Le privé en accusation. Pierre Merle fait bénéficier l’assemblée d’une étude inédite menée sur les lycées parisiens et lyonnais. Il montre que les écarts entre le secteur public et le privé se sont aggravés. Quand les lycées publics parisiens comptent 19% d’élèves issus de catégories défavorisées, les lycéens privés n’en ont que 6%, soit trois fois moins. Le phénomène s’est accentué depuis 2006 : on assiste bien selon lui à une spécialisation de chaque secteur. Les écarts entre établissements se sont aussi accentués avec l’assouplissement. Au final, P. Merle accuse : "le privé ne remplit pas sa mission de service et c’est lié à son économie" (le fait qu’il soit payant).
Traiter le problème au niveau local ? Secrétaire général du principal syndicat de chefs d’établissement, Philippe Tournier a rappelé que les phénomènes d’évitement étaient très localisés et portaient plutôt sur des zones de contact entre classe moyenne et populaire, dans des communes comme Montreuil (93). C’est donc à travers des plans locaux qu’il faut l’aborder quitte à conditionner les aides au privé.
Le ministère n’y peut rien… Auteure d’un rapport sur le lycée, chargée de mission par V Peillon sur l’assouplissement de la carte scolaire, Catherine Moisan apporte d’une certaine façon la voix du ministère. Selon elle, mettre en cause le privé est inutile comme on a pu le constater en 1984. La ghettoisation scolaire n’est que le reflet de la ghettoïsation urbaine. Il est donc inutile d’établir une sectorisation rigide qui enfermerait dans cette ghettoisation. C’est donc, pour elle aussi, au niveau local que le problème peut être abordé. La ghettoisation résulte aussi du refus des enseignants d’accepter des classes hétérogènes et de leurs décisions d’orientation. C Moisan pose aussi la question de l’information de sparents. "Le système fait comme si les établissements étaient identiques. Mais ce n’est pas vrai. Comme il ne communique pas les évaluations des établissements il crée une inégalité entre les parents "avertis" et les autres. Va-t-on continuer à ne pas donner d’information aux parents et laisser faire la rumeur ?", interroge-t-elle . Il semble pourtant que les résultats des lycées soient déjà très diffusés et que la publication intégrale des résultats n’ait pas diminué les inégalités dans les pays anglo-saxons…

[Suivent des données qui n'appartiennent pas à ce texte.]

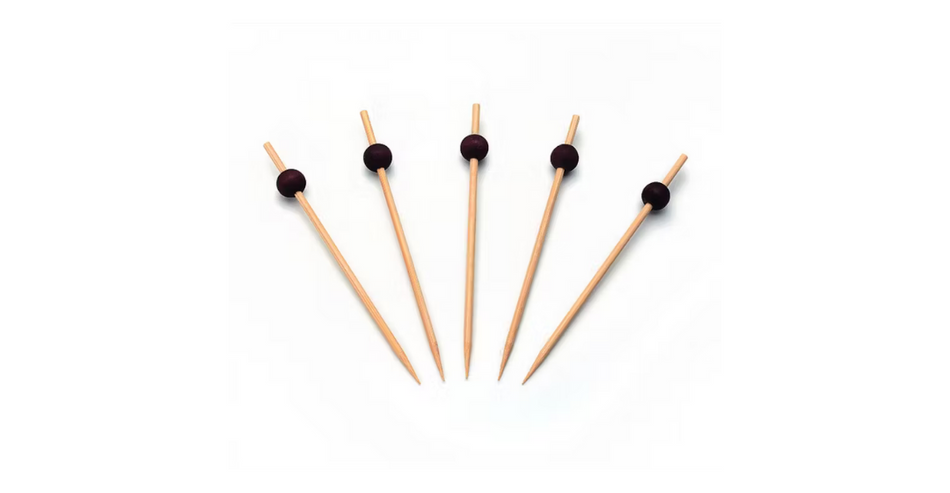 bamboe prikker met bol 12cm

Les profs en accusation… Dans la salle, des syndicalistes, des élus réagissent. La maire de Bagneux, par exemple , met en cause le non -remplacement des enseignants dans les communes populaires et aussi le fait qu’on affecte les enseignants les moins formés sur des postes en ZEP.
Grand témoin de la journée, la sociologue Agnès Van Zanten s’appuie sur ses recherches pour éclairer quelques points. Elle invite à mieux connaitre les motivations des comportements d’évitement des parents pas toujours liés à des stratégies scolaires. Le refus d’une société multiculturelle a aussi sa place. Les parents sont aussi très sceptiques sur la capacité de la pédagogie à résoudre les difficultés scolaires. Elle invite aussi à un effort d’ingenierie sociale pour agir sur les choix des parents.
"Derrière la question de la carte scolaire il y a un choix de société", conclue Henriette Zoughebi. "Cela pose la question de l’acceptation d’une société multiculturelle. Il faut du courage. Il faut aussi lier les questions de l’orientation et des affectations des enseignants aux décisions sur la carte scolaire". Venus d’horizons différents, durant tout l’après midi, élus, chercheurs, enseignants, parents ont construit un moment exceptionnel de vivre ensemble. Justement ce qu’essaie de faire la carte scolaire.